Washington's aim is not simply to keep oil flowing out of the Persian Gulf, but also to prevent any potentially hostile state from gaining control over the region's resources. The United States also wants to maintain military access to this geostrategically critical region to preserve its influence on events in the Middle East, Central Asia, eastern Africa, and South Asia. Finally, the United States has an interest in stamping out the terrorist groups that flourish in the region.

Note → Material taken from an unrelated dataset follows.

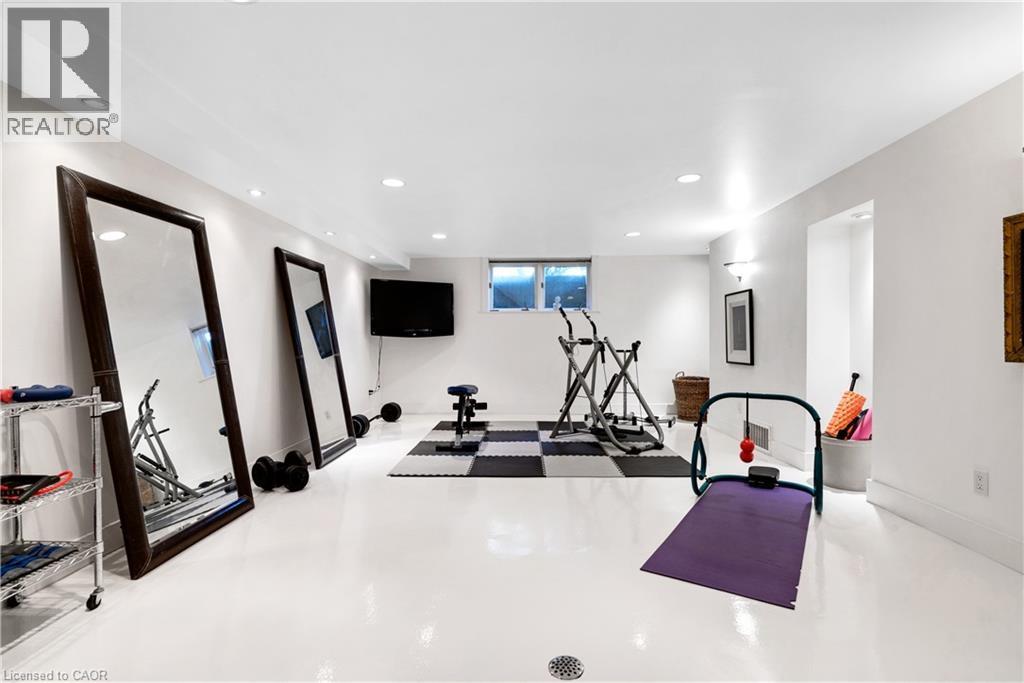 Dedicated fitness area featuring pristine white flooring, recessed lighting, and bright white walls - 91 Limerick Drive, Kitchener, ON - Indoor Photo Showing Gym Room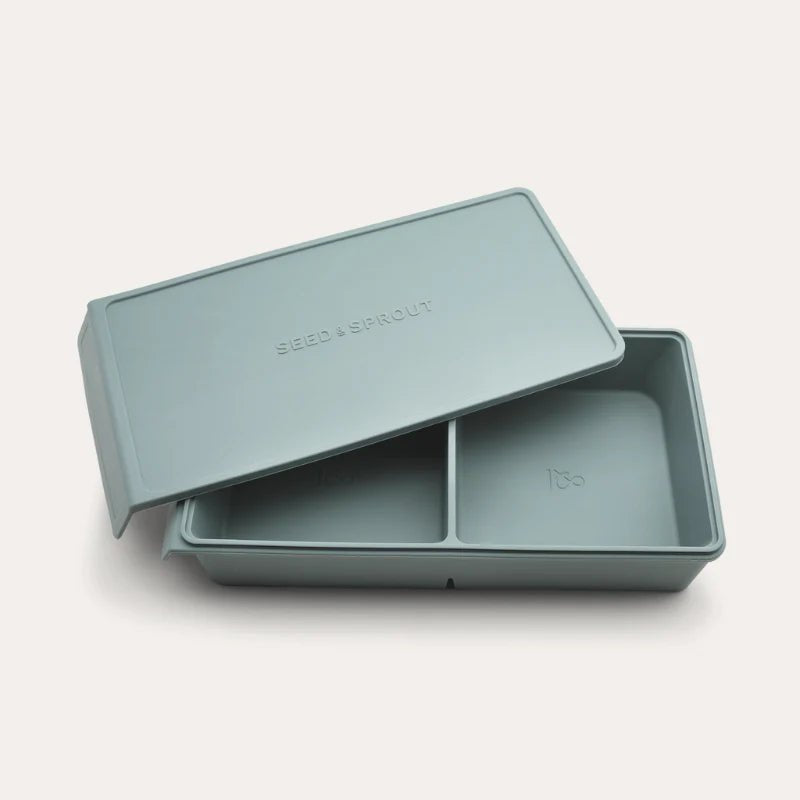 An open Seed & Sprout 2 Portion Silicone Freezer Tray with two partitioned sections and its matching embossed lid resting partially on top.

The three main problems likely to bedevil Persian Gulf security over the next several years will be Iraq's security dilemma, Iran's nuclear weapons program, and potential internal unrest in the countries of the Gulf Cooperation Council (GCC): Bahrain, Kuwait, Oman, Qatar, Saudi Arabia, and the United Arab Emirates. These problems offer no easy answers separately, let alone together. Difficult trade-offs will have to be made.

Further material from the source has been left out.